As reported by LawFuel, Australian-based family law funder JustFund, which launched in New Zealand last year, has now approved close to NZ$5 million in funding across 92 accredited firms, with its loan book growing 36% in the most recent quarter. Once funding is approved, invoices are paid within 24 hours, shifting the financial risk of delayed settlements away from the firm.

The model assesses funding against expected property settlements, a structure suited to family disputes where assets exist but remain locked up until resolution. New Zealand recorded 7,887 divorces in 2025, up 5% on the prior year, underscoring steady demand.

Lauren Milne, JustFund's Director of Family Law, said firms are increasingly "bringing funding into matters earlier, embedding it into client onboarding rather than waiting for payment issues to emerge." The trend points to a maturing market in which funding is positioned not as a rescue mechanism for distressed matters but as standard infrastructure for managing a practice's cashflow — even among clients whose income belies their short-term capacity to pay.

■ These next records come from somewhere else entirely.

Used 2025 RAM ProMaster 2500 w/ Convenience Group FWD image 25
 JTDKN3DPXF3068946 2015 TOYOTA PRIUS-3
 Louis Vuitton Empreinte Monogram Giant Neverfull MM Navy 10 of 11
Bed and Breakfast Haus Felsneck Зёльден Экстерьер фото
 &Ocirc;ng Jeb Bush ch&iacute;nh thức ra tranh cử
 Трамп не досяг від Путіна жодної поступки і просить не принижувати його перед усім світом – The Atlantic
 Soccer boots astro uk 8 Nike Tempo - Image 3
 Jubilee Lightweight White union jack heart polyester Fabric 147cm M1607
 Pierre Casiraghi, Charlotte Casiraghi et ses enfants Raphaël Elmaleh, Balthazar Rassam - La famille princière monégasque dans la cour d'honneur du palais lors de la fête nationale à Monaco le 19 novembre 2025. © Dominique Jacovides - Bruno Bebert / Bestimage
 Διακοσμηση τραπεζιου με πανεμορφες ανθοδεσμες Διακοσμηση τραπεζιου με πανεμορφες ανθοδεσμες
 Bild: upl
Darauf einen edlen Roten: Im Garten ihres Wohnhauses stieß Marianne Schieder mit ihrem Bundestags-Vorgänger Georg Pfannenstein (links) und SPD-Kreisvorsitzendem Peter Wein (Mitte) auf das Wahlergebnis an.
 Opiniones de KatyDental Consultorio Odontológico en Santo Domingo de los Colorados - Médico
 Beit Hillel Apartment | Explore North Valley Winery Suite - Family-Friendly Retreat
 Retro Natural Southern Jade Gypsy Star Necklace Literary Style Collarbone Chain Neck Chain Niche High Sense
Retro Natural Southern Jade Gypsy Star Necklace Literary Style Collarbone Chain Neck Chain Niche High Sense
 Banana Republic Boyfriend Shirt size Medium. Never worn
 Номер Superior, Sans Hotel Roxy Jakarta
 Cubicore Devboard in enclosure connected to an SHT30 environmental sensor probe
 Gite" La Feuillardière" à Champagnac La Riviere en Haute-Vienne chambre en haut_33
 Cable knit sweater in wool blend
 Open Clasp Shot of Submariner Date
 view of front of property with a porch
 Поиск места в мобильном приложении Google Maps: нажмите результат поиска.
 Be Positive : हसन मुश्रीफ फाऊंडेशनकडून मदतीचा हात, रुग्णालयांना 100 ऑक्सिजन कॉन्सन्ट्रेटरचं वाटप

High Court Rules Litigation Funding Documents Are Not Protected by Privilege

The English High Court has ruled that communications generated to secure third-party funding are not shielded by litigation privilege, a decision that sharpens the disclosure risks facing funded claimants and the funders who back them. The ruling came in the long-running £300 million-plus claim brought by some 13,000 black-cab drivers against Uber, which alleges the company misrepresented its business model to Transport for London.

As reported by Legal Futures, Mr Justice Birt rejected arguments that documents passing between the claimants' solicitors, Mishcon de Reya, their litigation funder, and the Licensed Taxi Drivers' Association were covered by litigation privilege. Uber had sought disclosure of materials created between late 2017 and October 2018 — before the claimants had formally instructed solicitors — and the court agreed they were disclosable.

Central to the judgment was a distinction the court drew between a party assessing its own potential claim, which attracts privilege, and a funder evaluating whether to support someone else's litigation, which does not. The documents' dominant purpose, the judge found, was to enable a funding decision rather than to conduct litigation. As one firm observing the case put it, "the decision to fund litigation is not itself conduct of litigation."

The practical implications are significant. Defendants in group actions may now gain access to early communications that reveal what claimants knew, and when, while prospective litigants are being urged to weigh carefully what information they share with funders before a claim is formally underway.